Problem statement: Instruction for the data below: set down exactly the lines from the line with "3 PCs Non Skid" to the line with "통신사 제휴 할인카드를", inclusive, and no others.

[The data Boundary: Start]

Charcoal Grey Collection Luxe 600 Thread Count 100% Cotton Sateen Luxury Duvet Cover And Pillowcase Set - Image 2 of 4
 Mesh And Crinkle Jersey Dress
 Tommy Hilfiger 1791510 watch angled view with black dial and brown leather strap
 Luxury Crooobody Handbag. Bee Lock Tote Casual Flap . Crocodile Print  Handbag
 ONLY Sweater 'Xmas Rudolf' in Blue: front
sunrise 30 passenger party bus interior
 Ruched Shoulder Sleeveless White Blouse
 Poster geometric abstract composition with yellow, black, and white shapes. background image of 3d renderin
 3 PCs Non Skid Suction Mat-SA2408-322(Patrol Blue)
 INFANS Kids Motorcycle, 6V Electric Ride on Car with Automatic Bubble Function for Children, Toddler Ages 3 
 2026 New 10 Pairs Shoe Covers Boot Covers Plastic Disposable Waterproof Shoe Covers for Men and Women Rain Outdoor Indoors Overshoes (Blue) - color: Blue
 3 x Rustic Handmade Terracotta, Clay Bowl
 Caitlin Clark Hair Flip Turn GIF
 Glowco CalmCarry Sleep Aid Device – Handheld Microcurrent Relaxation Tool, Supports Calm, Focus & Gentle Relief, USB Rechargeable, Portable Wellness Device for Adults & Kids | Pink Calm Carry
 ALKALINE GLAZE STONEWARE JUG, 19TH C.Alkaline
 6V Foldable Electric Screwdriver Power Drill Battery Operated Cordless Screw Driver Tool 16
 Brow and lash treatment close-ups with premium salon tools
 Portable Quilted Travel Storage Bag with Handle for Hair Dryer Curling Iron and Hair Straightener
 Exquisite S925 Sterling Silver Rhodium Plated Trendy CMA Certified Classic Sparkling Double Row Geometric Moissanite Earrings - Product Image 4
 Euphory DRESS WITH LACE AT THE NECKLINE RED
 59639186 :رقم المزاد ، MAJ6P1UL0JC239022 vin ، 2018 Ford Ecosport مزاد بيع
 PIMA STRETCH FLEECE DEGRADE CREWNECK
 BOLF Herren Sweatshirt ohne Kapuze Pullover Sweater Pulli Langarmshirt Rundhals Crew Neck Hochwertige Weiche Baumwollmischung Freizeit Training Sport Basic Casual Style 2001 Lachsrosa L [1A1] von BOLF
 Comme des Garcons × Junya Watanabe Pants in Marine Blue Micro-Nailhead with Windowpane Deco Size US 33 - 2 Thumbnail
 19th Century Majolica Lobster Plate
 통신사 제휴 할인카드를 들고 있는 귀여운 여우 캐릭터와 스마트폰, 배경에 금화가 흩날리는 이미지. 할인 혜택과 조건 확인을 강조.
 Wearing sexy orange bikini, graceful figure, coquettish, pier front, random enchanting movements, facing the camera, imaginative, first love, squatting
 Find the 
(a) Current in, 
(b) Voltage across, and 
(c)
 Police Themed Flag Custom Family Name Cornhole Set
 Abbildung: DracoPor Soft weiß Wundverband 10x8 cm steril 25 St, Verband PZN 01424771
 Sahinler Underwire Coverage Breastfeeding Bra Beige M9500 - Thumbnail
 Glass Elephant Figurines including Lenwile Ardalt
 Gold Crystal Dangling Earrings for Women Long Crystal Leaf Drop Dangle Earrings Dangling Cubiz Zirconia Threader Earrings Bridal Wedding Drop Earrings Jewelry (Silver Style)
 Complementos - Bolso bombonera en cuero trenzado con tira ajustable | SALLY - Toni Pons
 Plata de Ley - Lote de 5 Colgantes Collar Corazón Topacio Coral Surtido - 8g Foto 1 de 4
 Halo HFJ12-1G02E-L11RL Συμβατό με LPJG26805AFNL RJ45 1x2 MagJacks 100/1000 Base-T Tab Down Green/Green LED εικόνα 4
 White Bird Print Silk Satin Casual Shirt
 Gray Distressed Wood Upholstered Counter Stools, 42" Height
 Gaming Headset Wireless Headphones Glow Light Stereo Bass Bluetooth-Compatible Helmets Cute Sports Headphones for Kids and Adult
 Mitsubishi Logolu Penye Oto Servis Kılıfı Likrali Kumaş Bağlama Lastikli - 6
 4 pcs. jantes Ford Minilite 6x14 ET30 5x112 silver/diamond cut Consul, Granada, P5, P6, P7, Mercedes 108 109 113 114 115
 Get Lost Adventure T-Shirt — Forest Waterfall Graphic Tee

[The data Boundary: End]

Response to the exercise:
 3 PCs Non Skid Suction Mat-SA2408-322(Patrol Blue)
 INFANS Kids Motorcycle, 6V Electric Ride on Car with Automatic Bubble Function for Children, Toddler Ages 3 
 2026 New 10 Pairs Shoe Covers Boot Covers Plastic Disposable Waterproof Shoe Covers for Men and Women Rain Outdoor Indoors Overshoes (Blue) - color: Blue
 3 x Rustic Handmade Terracotta, Clay Bowl
 Caitlin Clark Hair Flip Turn GIF
 Glowco CalmCarry Sleep Aid Device – Handheld Microcurrent Relaxation Tool, Supports Calm, Focus & Gentle Relief, USB Rechargeable, Portable Wellness Device for Adults & Kids | Pink Calm Carry
 ALKALINE GLAZE STONEWARE JUG, 19TH C.Alkaline
 6V Foldable Electric Screwdriver Power Drill Battery Operated Cordless Screw Driver Tool 16
 Brow and lash treatment close-ups with premium salon tools
 Portable Quilted Travel Storage Bag with Handle for Hair Dryer Curling Iron and Hair Straightener
 Exquisite S925 Sterling Silver Rhodium Plated Trendy CMA Certified Classic Sparkling Double Row Geometric Moissanite Earrings - Product Image 4
 Euphory DRESS WITH LACE AT THE NECKLINE RED
 59639186 :رقم المزاد ، MAJ6P1UL0JC239022 vin ، 2018 Ford Ecosport مزاد بيع
 PIMA STRETCH FLEECE DEGRADE CREWNECK
 BOLF Herren Sweatshirt ohne Kapuze Pullover Sweater Pulli Langarmshirt Rundhals Crew Neck Hochwertige Weiche Baumwollmischung Freizeit Training Sport Basic Casual Style 2001 Lachsrosa L [1A1] von BOLF
 Comme des Garcons × Junya Watanabe Pants in Marine Blue Micro-Nailhead with Windowpane Deco Size US 33 - 2 Thumbnail
 19th Century Majolica Lobster Plate
 통신사 제휴 할인카드를 들고 있는 귀여운 여우 캐릭터와 스마트폰, 배경에 금화가 흩날리는 이미지. 할인 혜택과 조건 확인을 강조.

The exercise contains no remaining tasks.